Speaking to IPE, Alastair MacDougall, head of research at WM, suggests pension funds may be appointing and sacking asset managers on the wrong side of a fund's performance and could be missing out on investment opportunities as a result.

"Trustees tend to buy managers after a period of good performance and sack them when they had a few years of underperformance which is very, very bad in terms of mis-timing manager performance cycles," he said.

MacDougall explained where managers have performed well in the recent years "it is quite a high likelihood that they actually won't maintain that performance in the period following when the trustees want to hire that manager."

At the same time, trustees have a tendency to sack managers "after a few years of bad performance but the manager might well turn that performance round", suggests MacDougall.

"I think, increasingly, trustees are aware of that problem. But it is very difficult for trustees to actually look at managers who have a very recent poor performance - when in actual fact it might be better doing that than hiring managers who have done particularly well over the recent past," MacDougall suggests.
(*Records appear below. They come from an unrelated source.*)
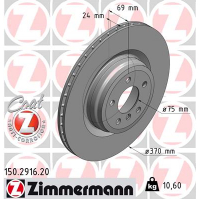 Гальмівний диск ZIMMERMANN 150.2916.20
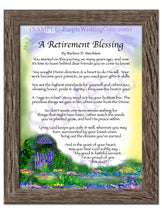 A Retirement Blessing - Retirement Gift - PurpleWishingGate.com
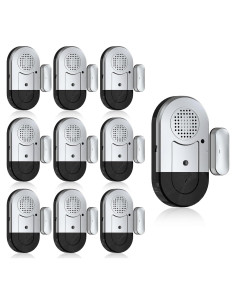 Alarmas de Puerta y Ventana Sanjie - 10 Paquetes, 125dB, Fácil Instalación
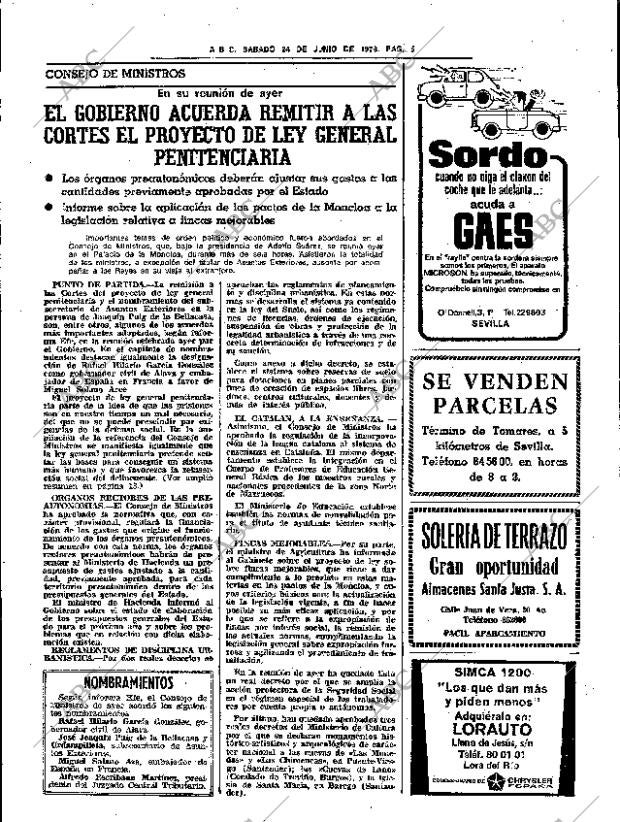 ABC SEVILLA 24-06-1978 página 17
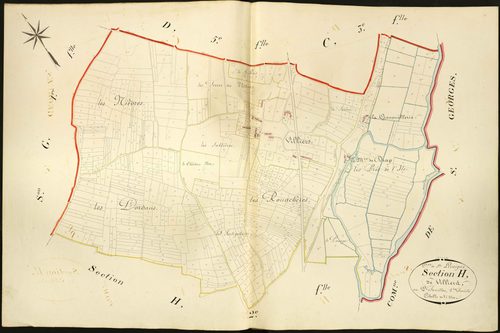 Sainte-Lizaigne - Section H1, dite de Villiers.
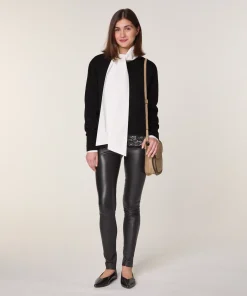 Best Rodier Legging en cuir stretch noir
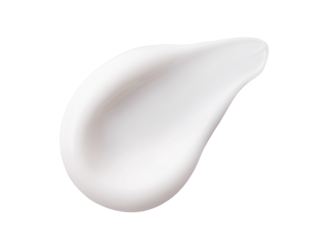 texture of a cosmetic smear of cream on a transparent background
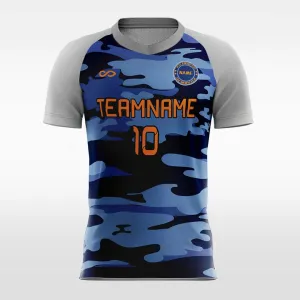 Vintage Camouflage - Custom Kids Soccer Jerseys Design Split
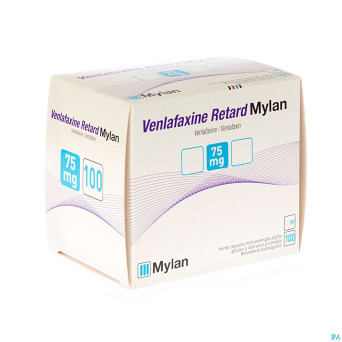 Venlafaxine retard ab  75,0mg caps lib. prol 100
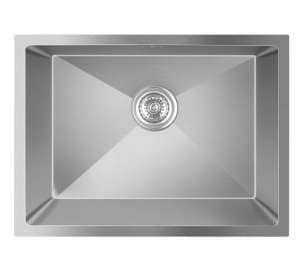 Round Corner Chrome Stainless Steel Handmade Single Bowl Kitchen Sink – 510x440x230mm | CH5144R.KS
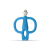 Matchstick Monkey Teether Monkey Blue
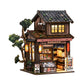 Springtime Store Miniature House with LED Light 🏠 A Tiny Flower Shop That Lights Up Your World ✨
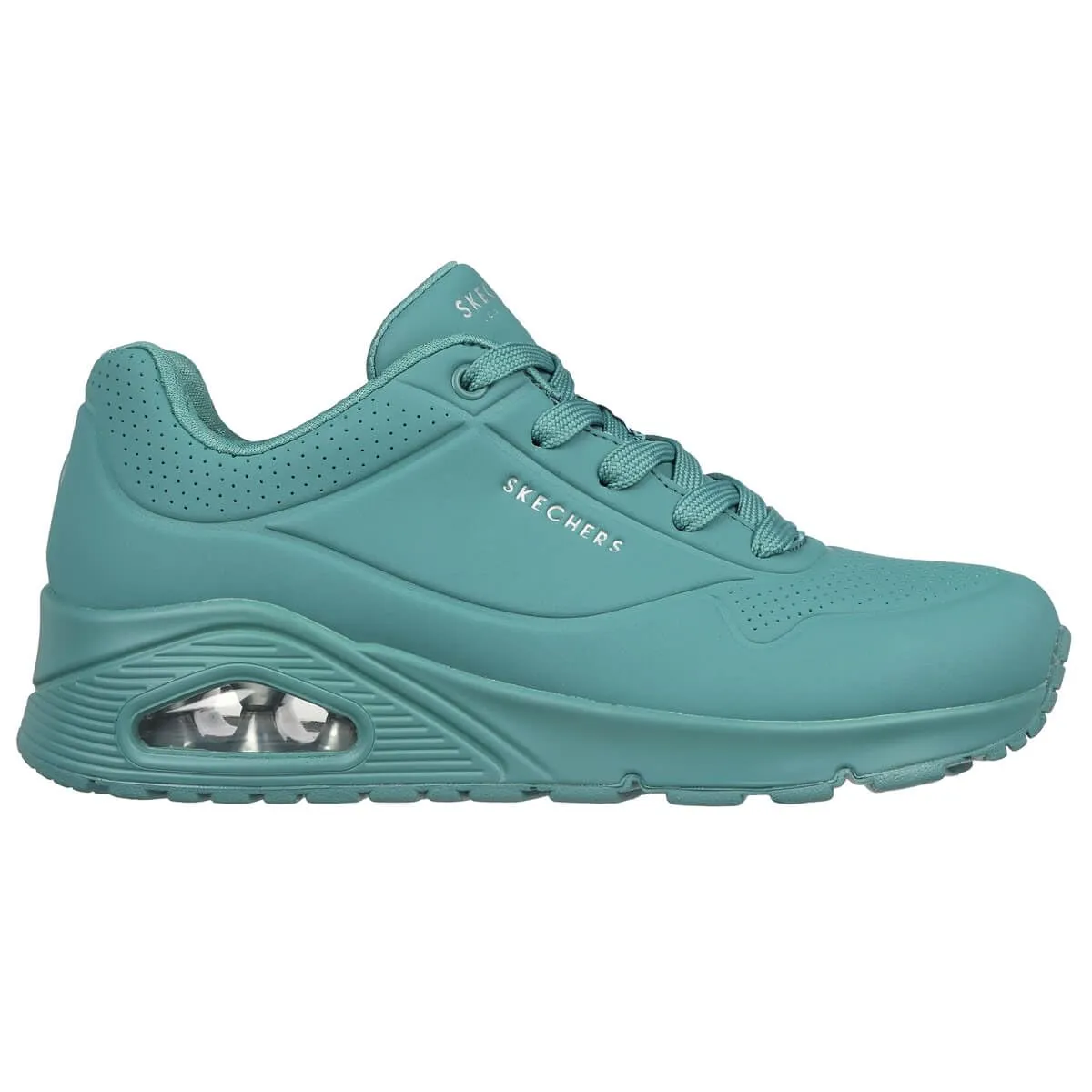 Skechers Uno Stand On Air Scarpe da ginnastica Donna, Teal Durabuck Mesh, 37 EU - immagine 4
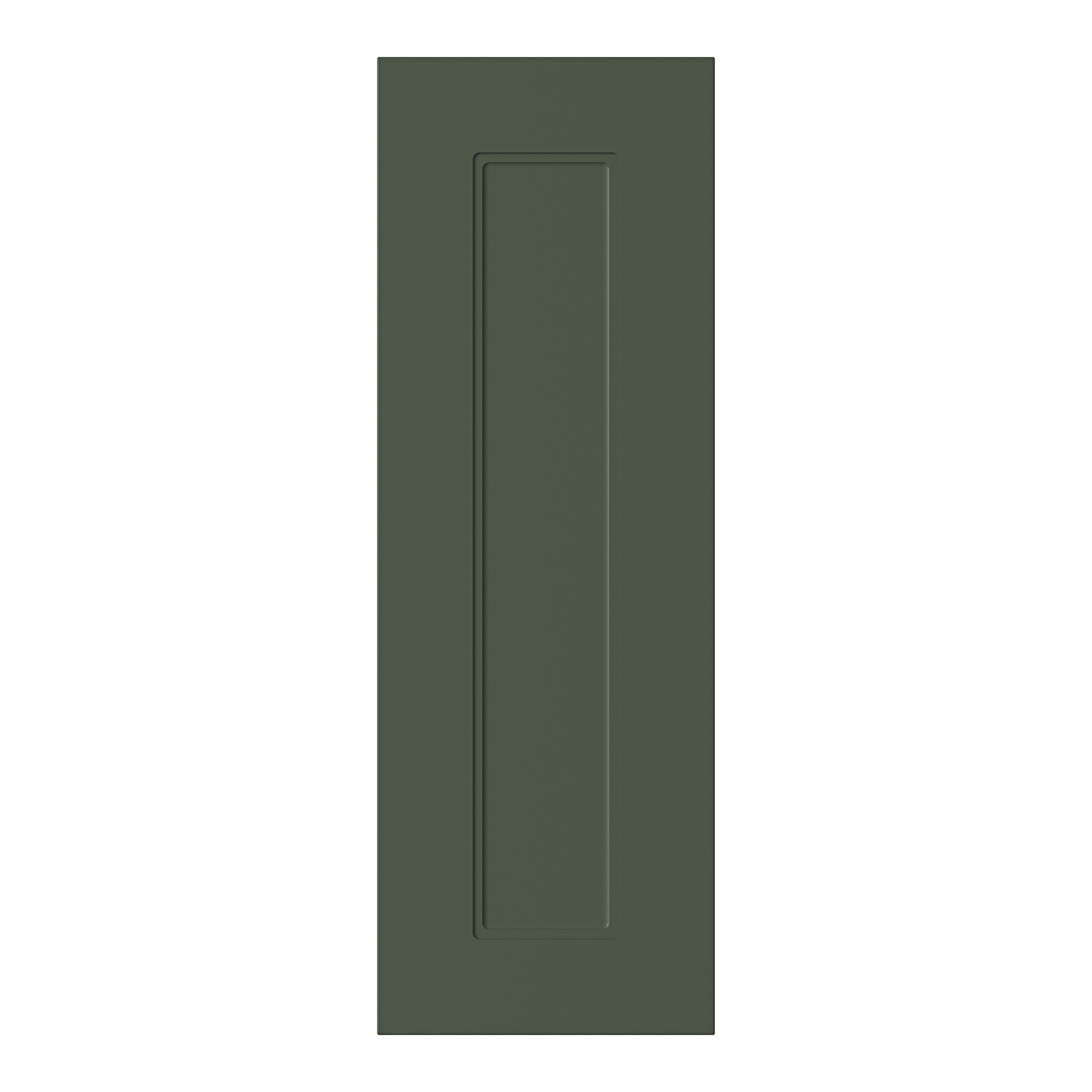 GoodHome Artemisia Matt dark green Shaker Highline Cabinet door (W)250mm (H)715mm (T)18mm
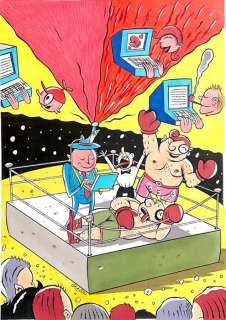 Massimo Giacon | Massimo Giacon - Illustrazione originale | Catawiki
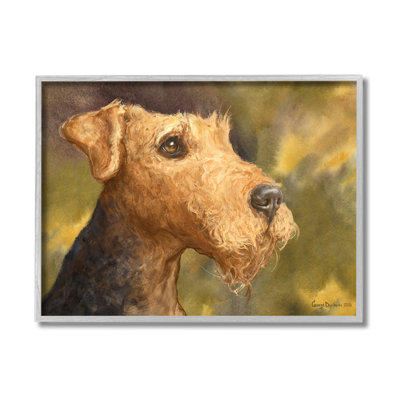 «Labrador Resting Pet Dog» par George Dyachenko - peinture sur toile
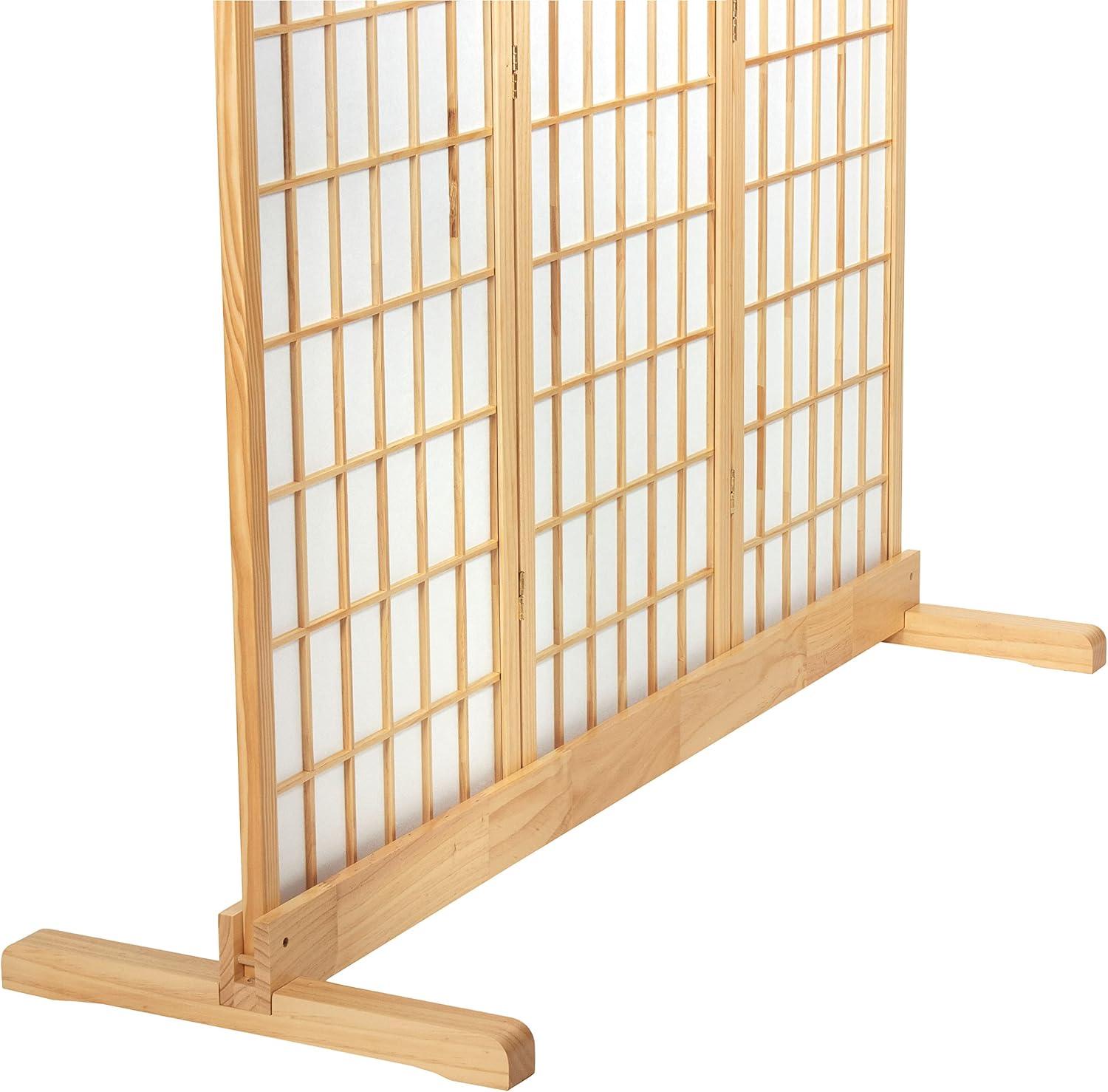 Room Divider Stand Natural 3 Panel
His sentiments were echoed in a recent 'What if?' market review by consultants Watson Wyatt which warned managers should not be chosen judged on past performance but only on skills.

Edouard Stucki, senior investment consultant at Watson Wyatt, earlier this year questioned at the Fund Manager Selection 2007 conference in Zurich whether pension funds using performance as the key factor should view fund manager selection as a  "dog and pony show or beauty parade".